RL-STaR: Theoretical Analysis of Reinforcement Learning Frameworks for Self-Taught Reasoner

Paper · arXiv 2410.23912 · Published October 31, 2024
Self Refinement Self Consistency FeedbackReasoning o1 o3 Search

The reasoning abilities of large language models (LLMs) have improved with chain-of-thought (CoT) prompting, allowing models to solve complex tasks in a stepwise manner. However, training CoT capabilities requires detailed reasoning data, which is often scarce. The self-taught reasoner (STaR) framework addresses this by using reinforcement learning to automatically generate reasoning steps, reducing reliance on human-labeled data. Although STaR and its variants have demonstrated empirical success, a theoretical foundation explaining these improvements is lacking. This work provides a theoretical framework for understanding the effectiveness of reinforcement learning on CoT reasoning and STaR. Our contributions are: (1) an analysis of policy improvement, showing why LLM reasoning improves iteratively with STaR; (2) conditions for convergence to an optimal reasoning policy; (3) an examination of STaR’s robustness, explaining how it can im- prove reasoning even when incorporating occasional incorrect steps; and (4) criteria for the quality of pre-trained models necessary to initiate effective reasoning improvement. This framework aims to bridge empirical findings with theoretical insights, advancing reinforcement learning approaches for reasoning in LLMs.

Numerous improvements to STaR have since been introduced [HYM+24, ZHS+24],

demonstrating empirically that LLMs can effectively learn reasoning steps via reinforcement learning without human intervention.

In this research, we propose a theoretical framework tailored to analyzing the effectiveness of reinforcement learning on CoT reasoning and STaR, which answers the following questions:

• Policy improvement: Why can LLMs improve their reasoning capabilities with each iteration of STaR?

• Convergence to optimal policy: If an optimal reasoning model exists, can STaR find this optimal reasoner within infinite number of iterations?

• Existence of incorrect reasoning steps in STaR: In STaR, it is possible for the model to generate incorrect reasoning steps while still arriving at the correct final answer, which means these erroneous steps are included in the training data for that iteration.

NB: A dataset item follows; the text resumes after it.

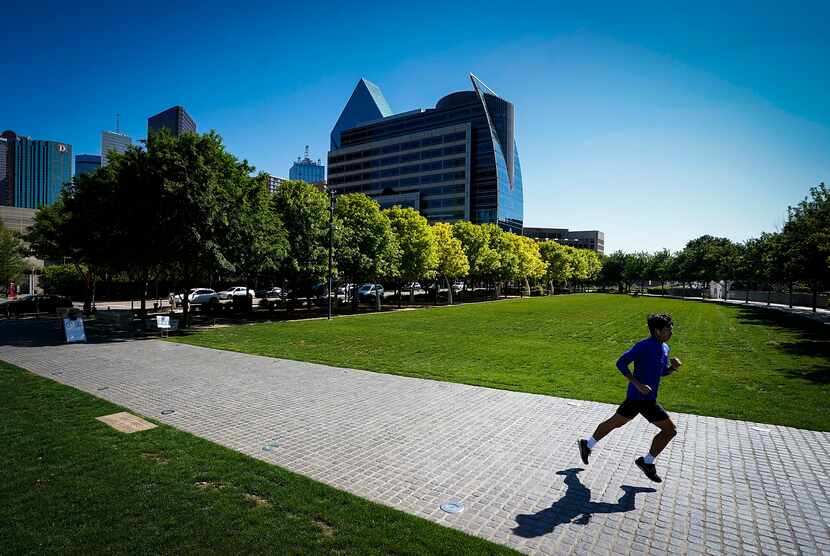 A runner has room to glide through the relatively empty Klyde Warren Park on Monday...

We aim to explain why STaR can still enhance the LLM’s reasoning capabilities despite the inclusion of these incorrect steps.

• Properties of pre-training models for STaR: Since STaR requires a pre-trained LLM to bootstrap the discovery of reasoning steps in the first iteration, how good the pre-trained LLM should be in solving reasoning problem?

2.2 Theories of Chain-of-thought

The Chain-of-Thought (CoT) techniques [WWS+22] enable large language models (LLMs) to tackle complex reasoning tasks by breaking down solutions into a series of sequential steps. Beyond empirical success, some theoretical insights into CoT reasoning have emerged. For instance, [PLG24] models the CoT process using Bayesian networks, where questions, answers, and reasoning steps are nodes within the network. Providing a structured path of reasoning steps has been shown to boost LLM performance. Additionally, [XL24] introduces the concept of length generalization, where LLMs can solve complex problems by generalizing patterns from simpler training examples. In [Mal23], the authors extend the PAC supervised learning framework to a PAC auto-regressive framework, demonstrating that an auto-regressive learner can learn linear threshold circuits when CoT steps are provided. Furthermore, [FZG+24] shows that with CoT, transformers can address problem classes solvable by dynamic programming, even when problem sizes grow polynomially. Although these works lay a theoretical foundation for CoT, they fall short of explaining why reinforcement learning could enhance CoT capabilities in LLMs. Moreover, these studies underscore the necessity of ample reasoning step examples in training data to develop strong CoT abilities during inference.

To reduce the labeling effort for CoT during training, the Self-Taught Reasoner (STaR) framework [ZWMG22] employs a reinforcement learning approach, specifically a policy gradient method, to enable LLMs to enhance their reasoning abilities autonomously. STaR initially generates reasoning steps through in-context learning to elicit chain-of-thought processes. Only the reasoning steps that lead to correct answers are added to the training data, which strengthens the model iteratively as the LLM generates new reasoning paths and then added to the training data in each round. Several STaR extensions have been introduced to further enhance the framework. For instance, [ZHS+24] proposed Quiet-STaR, a variant where language models produce token-level rationales to justify upcoming text, refining their predictions.